Wednesday, April 25, 2007

Days on "The Floor"

So the baby moved to the floor, and I was not very happy.

It's loud, noisy, and right when we first moved it took me 20 minutes to run down a nurse. I wasn't very impressed. We had to share another room with a baby, whenever he cried, Caleb cried. Their family was busy watching television--violent tv where there was a lot of gunfire and screaming going on. Not exactly what I wanted my baby exposed to.

Caleb couldn't sleep and generally was pretty miserable. We were in the bed right next to the door. I was very upset--I actually came home and shoved the carseat in the car and was getting ready to bring him home.

Today was a little better. We were moved to the window bed because our neighbor left, and we got in a 5 yr old kid who has been thru many surgeries.
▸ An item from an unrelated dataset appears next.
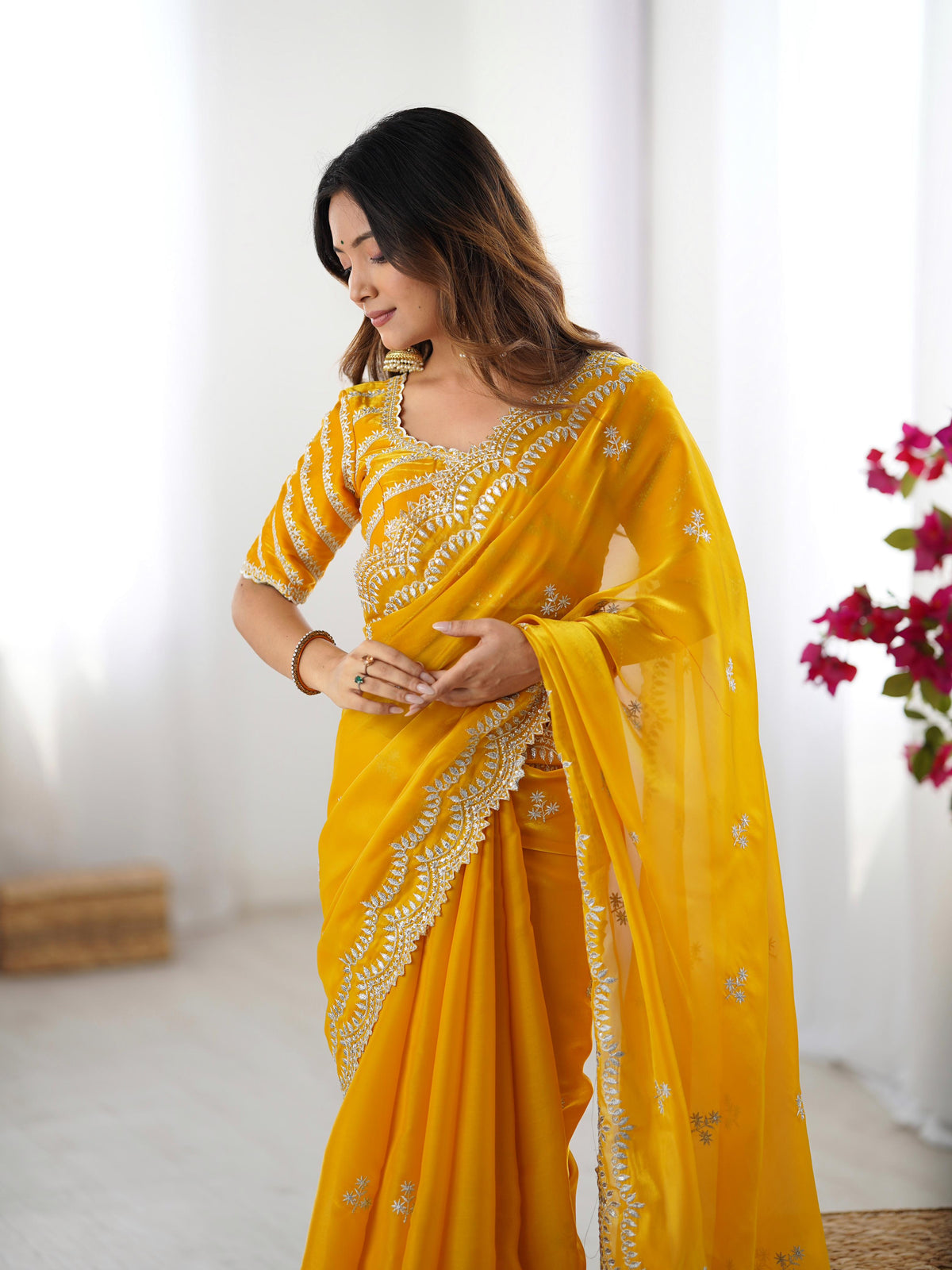 Desirable Party Wear Silk Thread n Sequence Work Fancy Designer Saree With Unstitched Blouse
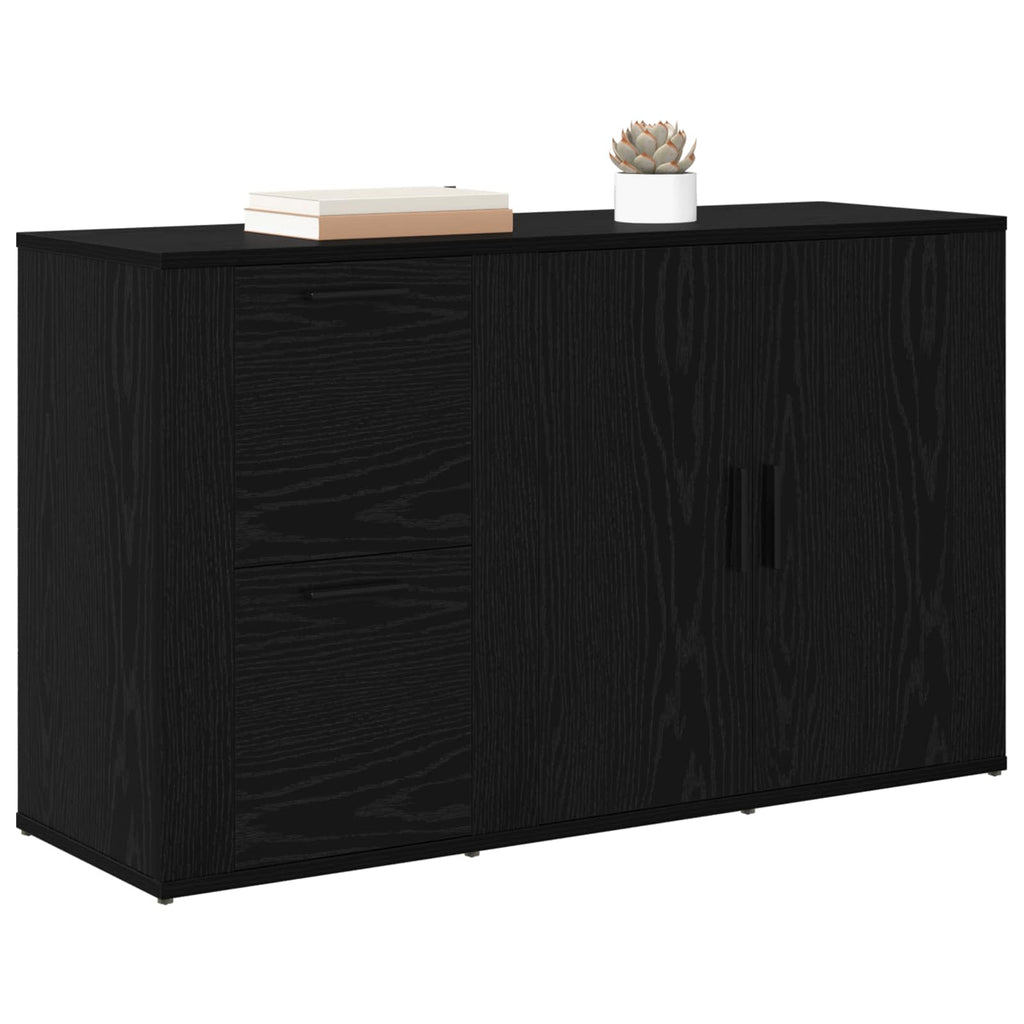 Sideboard Schwarz Eichen-Optik 100 x 33 x 59,5 cm Holzwerkstoff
He knows the drill. They were watching kid videos, which are much better at least. He's going to have surgery tomorrow, and I'm sure we'll get a new roommate.

Everyone was telling me that the baby was going home tomorrow. He had test after horrible test this morning. It was hard for me to watch during some of the tests.

Well, it was a rough morning, but the afternoon got better. He was eating better, and then the O2 came out of his nose. He was sating fine. Then, a little later, they took him off all the monitors. I had a baby that was attached to: NOTHING!!!!!!!!!!!!!!

I went to dinner, pumped, came back to the room and the baby was hooked up to all the monitors and an IV was sitting in his bed. WTF??

Well, one of the tests this morning showed a small clot in his heart. So, they're putting him on drugs to dissolve the clot, and this will delay us coming home from the hospital. :( For a few days.

I didn't take that news all that well, and still am not taking it well. I don't like this new ward, even though it's better than it was yesterday. I just want to bring the baby home. This "one more thing" stuff isn't wearing well on me, and I can't get as much rest as I was getting in the other ward, either. All together, I'm ready to bring my little love home. Ah well... another day--one more day at a time.

3 comments:

JillyGirl said...

Ugh...I bet it was a letdown to think you'd be bringing Caleb home & then be told no...But you know, it's all for the best and all that jazz. (smile) Love you guys and am thinking about you!

me said...

I'll come by tomorrow night to prep the room. I'll print out the amulet and get the silver thread tonight.

Dietra said...

It'll all be done soon. And you'll have you little love home for years, and years, and years to come. <3 You're doing great Amy! Holding up much better than some parents I've seen.